The appointment of Harrington, currently dean of the School of Humanities, Arts, and Social Sciences and professor of humanities at Rensselaer Polytechnic Institute in Troy, N.Y., was announced by Stephen Freedman, Ph.D., senior vice president/chief academic officer at Fordham.

“Scholarship, academic leadership and research experience are the three key qualities we were looking for in a new dean of faculty of arts and sciences,” Freedman said. “Dr. Harrington is abundantly qualified in those areas, and is a excellent choice to help nurture faculty as Fordham comes into its own as a top-tier university.”

Harrington, whose appointment is effective July 1, began his academic career in 1985 as assistant professor of English and director of composition at St. Peter’s College in Jersey City. He was professor of humanities at the Cooper Union, where he served as the founding director of the Center for Writing and Speaking, founder and director of the Humanities Gallery, director of the Cooper Union Library, chair of Academic Council, and dean of the faculty of humanities and social sciences from 1992 to 2002.

Harrington is the author of The Life of the Neighborhood Playhouse on Grand Street (Syracuse University Press, 2008), which was nominated for the American Theatre Book of the Year by the Theatre Historical Society of America.

He has edited several volumes on Irish theatre, and co-edited The Future of Irish Studies: Report from the Irish Forum Florence 2005 (Prague: Center for Irish Studies, Charles University, 2006) andPolitics and Performance in Contemporary Northern Ireland (University of Massachusetts Press, 1999). He has also published numerous scholarly essays and reviews and has given many presentations and invited lectures.

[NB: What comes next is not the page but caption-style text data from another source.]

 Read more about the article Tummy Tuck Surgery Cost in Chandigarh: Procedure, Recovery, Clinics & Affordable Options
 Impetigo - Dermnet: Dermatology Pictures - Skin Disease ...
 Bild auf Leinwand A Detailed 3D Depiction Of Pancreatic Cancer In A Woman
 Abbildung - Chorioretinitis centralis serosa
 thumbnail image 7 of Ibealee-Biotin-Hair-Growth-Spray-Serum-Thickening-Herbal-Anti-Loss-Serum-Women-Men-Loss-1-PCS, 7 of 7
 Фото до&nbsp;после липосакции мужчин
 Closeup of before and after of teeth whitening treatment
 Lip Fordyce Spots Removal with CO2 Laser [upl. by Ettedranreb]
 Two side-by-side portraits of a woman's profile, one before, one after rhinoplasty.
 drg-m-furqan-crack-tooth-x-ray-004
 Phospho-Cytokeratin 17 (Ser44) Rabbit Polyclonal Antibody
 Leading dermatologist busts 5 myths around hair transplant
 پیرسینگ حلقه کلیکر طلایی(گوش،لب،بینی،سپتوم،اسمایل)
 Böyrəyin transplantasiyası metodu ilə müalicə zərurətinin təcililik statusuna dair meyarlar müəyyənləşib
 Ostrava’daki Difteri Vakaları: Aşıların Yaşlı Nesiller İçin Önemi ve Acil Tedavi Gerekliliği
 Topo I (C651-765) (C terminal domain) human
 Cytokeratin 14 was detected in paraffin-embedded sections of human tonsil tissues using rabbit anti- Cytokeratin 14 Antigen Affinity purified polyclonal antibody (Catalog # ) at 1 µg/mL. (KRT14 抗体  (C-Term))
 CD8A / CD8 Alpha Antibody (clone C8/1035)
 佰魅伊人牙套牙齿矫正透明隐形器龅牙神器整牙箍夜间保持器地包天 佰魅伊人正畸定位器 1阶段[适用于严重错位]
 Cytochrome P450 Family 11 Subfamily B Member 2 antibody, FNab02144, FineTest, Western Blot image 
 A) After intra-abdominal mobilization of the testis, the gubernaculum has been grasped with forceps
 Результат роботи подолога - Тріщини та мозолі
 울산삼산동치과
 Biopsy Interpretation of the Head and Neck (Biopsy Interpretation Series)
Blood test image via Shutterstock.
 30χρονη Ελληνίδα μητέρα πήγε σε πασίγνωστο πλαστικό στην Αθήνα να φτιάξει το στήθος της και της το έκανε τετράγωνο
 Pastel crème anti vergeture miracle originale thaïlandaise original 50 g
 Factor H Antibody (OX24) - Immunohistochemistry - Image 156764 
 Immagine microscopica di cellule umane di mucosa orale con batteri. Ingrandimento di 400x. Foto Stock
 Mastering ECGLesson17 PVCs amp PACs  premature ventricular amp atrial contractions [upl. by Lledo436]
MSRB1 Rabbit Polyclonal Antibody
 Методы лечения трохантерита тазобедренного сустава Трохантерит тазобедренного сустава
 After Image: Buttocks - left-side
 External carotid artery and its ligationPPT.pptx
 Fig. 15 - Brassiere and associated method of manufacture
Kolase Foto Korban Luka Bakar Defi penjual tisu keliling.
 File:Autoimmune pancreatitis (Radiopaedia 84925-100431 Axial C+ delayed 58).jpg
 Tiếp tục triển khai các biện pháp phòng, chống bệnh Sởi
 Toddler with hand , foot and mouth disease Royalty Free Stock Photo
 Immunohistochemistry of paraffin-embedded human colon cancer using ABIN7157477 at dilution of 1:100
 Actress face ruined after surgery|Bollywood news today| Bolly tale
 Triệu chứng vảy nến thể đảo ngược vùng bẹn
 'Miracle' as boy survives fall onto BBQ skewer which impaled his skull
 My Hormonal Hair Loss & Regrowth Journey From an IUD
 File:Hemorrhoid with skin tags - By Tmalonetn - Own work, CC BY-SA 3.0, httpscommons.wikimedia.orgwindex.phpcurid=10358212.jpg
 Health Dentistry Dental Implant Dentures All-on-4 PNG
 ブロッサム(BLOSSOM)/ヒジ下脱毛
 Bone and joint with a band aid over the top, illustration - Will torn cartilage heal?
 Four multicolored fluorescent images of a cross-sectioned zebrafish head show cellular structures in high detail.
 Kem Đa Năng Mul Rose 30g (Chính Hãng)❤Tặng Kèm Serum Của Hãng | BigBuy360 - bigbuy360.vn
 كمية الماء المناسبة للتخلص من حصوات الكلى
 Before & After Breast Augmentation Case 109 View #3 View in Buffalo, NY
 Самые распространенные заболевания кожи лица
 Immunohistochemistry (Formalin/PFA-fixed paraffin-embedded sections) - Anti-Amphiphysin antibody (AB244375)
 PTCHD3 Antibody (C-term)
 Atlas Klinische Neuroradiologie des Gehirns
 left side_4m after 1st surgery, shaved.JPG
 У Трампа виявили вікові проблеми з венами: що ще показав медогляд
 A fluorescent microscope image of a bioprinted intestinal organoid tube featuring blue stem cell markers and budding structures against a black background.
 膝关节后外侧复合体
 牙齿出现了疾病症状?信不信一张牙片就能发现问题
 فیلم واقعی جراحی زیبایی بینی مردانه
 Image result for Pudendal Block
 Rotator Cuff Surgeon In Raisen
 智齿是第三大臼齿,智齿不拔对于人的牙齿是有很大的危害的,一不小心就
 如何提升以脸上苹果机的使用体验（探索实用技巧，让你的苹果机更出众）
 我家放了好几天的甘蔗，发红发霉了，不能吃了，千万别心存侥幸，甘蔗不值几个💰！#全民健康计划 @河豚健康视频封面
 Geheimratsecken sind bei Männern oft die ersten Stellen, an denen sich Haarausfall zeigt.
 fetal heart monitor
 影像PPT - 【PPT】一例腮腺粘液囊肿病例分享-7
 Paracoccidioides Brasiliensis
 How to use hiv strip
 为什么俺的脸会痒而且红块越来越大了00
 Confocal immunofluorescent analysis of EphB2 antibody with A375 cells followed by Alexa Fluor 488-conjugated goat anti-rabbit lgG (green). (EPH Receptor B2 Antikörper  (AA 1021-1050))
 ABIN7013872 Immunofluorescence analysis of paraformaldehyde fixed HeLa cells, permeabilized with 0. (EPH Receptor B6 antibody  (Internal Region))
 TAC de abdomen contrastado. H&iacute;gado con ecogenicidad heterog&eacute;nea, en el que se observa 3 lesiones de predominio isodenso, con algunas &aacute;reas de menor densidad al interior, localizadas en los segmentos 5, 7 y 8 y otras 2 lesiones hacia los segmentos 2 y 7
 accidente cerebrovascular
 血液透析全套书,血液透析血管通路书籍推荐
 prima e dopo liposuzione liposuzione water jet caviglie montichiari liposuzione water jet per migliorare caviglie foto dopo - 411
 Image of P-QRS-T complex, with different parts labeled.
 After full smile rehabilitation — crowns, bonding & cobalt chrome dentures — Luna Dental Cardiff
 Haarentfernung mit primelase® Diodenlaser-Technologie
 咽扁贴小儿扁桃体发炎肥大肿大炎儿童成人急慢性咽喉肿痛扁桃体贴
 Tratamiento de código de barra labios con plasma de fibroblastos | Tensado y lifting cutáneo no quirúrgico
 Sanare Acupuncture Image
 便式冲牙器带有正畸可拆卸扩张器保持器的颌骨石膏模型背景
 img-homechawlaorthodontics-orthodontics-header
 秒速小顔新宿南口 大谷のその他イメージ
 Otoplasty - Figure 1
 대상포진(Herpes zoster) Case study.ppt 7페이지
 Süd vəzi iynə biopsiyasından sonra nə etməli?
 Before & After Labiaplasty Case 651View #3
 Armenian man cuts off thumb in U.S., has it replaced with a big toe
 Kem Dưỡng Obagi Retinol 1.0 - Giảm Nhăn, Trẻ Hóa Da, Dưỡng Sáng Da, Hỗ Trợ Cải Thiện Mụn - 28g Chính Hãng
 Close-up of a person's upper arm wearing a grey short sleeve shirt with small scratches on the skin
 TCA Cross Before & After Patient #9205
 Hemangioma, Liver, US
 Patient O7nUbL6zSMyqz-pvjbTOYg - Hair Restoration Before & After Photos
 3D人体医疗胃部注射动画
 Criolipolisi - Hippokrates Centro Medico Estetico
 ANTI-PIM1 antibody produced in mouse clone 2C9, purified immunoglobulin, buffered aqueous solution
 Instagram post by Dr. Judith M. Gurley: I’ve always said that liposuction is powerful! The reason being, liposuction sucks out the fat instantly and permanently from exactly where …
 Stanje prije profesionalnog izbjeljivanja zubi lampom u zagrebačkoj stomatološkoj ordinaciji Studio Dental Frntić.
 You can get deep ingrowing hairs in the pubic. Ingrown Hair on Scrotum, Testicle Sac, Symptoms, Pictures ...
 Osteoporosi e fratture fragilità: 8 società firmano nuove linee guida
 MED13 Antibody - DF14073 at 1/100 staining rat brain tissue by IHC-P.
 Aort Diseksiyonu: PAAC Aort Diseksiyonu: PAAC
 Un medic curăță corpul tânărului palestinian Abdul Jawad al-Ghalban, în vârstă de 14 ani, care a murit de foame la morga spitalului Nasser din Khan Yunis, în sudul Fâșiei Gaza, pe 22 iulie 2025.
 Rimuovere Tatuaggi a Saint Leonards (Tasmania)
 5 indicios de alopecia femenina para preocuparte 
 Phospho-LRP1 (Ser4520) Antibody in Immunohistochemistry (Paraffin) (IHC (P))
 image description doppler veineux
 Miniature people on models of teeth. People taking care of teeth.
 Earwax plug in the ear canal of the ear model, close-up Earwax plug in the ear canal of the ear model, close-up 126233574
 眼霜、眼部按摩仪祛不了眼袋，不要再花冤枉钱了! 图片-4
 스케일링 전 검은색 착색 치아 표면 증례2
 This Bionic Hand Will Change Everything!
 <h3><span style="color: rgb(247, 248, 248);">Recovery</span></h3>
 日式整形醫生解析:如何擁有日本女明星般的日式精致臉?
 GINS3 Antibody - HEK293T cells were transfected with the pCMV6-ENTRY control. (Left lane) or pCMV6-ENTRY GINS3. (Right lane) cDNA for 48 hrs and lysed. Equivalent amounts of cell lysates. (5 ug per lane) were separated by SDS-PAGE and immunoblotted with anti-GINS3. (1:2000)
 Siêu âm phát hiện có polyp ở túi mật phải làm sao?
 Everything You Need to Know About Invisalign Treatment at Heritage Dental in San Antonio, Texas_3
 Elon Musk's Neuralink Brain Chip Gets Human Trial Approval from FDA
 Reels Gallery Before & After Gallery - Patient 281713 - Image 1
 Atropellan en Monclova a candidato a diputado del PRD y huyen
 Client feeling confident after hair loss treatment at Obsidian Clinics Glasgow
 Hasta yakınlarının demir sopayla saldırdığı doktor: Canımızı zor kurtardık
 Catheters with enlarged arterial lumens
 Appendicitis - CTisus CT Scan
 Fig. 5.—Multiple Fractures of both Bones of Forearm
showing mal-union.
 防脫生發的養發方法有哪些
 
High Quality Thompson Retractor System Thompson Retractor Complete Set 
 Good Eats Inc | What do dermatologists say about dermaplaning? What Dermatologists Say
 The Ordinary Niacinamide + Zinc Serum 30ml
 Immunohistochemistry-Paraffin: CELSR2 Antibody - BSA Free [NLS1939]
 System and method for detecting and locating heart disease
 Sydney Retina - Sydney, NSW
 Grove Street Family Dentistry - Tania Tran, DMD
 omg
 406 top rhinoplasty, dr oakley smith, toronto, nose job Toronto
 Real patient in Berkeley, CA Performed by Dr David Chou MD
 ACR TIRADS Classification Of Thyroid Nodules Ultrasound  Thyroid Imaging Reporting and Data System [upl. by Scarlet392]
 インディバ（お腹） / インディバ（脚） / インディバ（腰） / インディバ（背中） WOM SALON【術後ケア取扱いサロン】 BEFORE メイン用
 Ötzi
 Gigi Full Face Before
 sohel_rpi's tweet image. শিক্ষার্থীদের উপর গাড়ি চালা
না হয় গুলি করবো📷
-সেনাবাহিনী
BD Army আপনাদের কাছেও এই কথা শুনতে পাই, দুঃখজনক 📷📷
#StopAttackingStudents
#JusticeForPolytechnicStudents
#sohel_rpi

“The chance to join Fordham is a fantastic opportunity for me,” Harrington said. “My New York history and also my family history have always made me very aware of Fordham’s great faculty and academic strengths. I think Fordham is extraordinarily well-poised to achieve the very ambitious goals so well articulated in the ‘Toward 2016’ strategic plan. It is a privilege to be invited to join the effort to complete that plan.”

Since 2002, Harrington has worked to develop new graduate and undergraduate degree programs with the deans and faculty at Rensselaer, where the number of humanities and social science degrees granted tripled between 2000 and 2008. Rensselaer increased admitted students 20 percent per year from 2002 to 2006, and increased and diversified the undergraduate population and portfolio of majors during his tenure there.

“It is no secret that change is coming to academia, and with that change comes the opportunity for growth and renewal,” said Joseph M. McShane, S.J., president of Fordham. “Therefore it is fitting that we appoint as dean of the arts and sciences faculty someone who is adept at managing change, and whose scholarly and leadership experience give him the skills to help guide our faculty and our University into a position of preeminence.”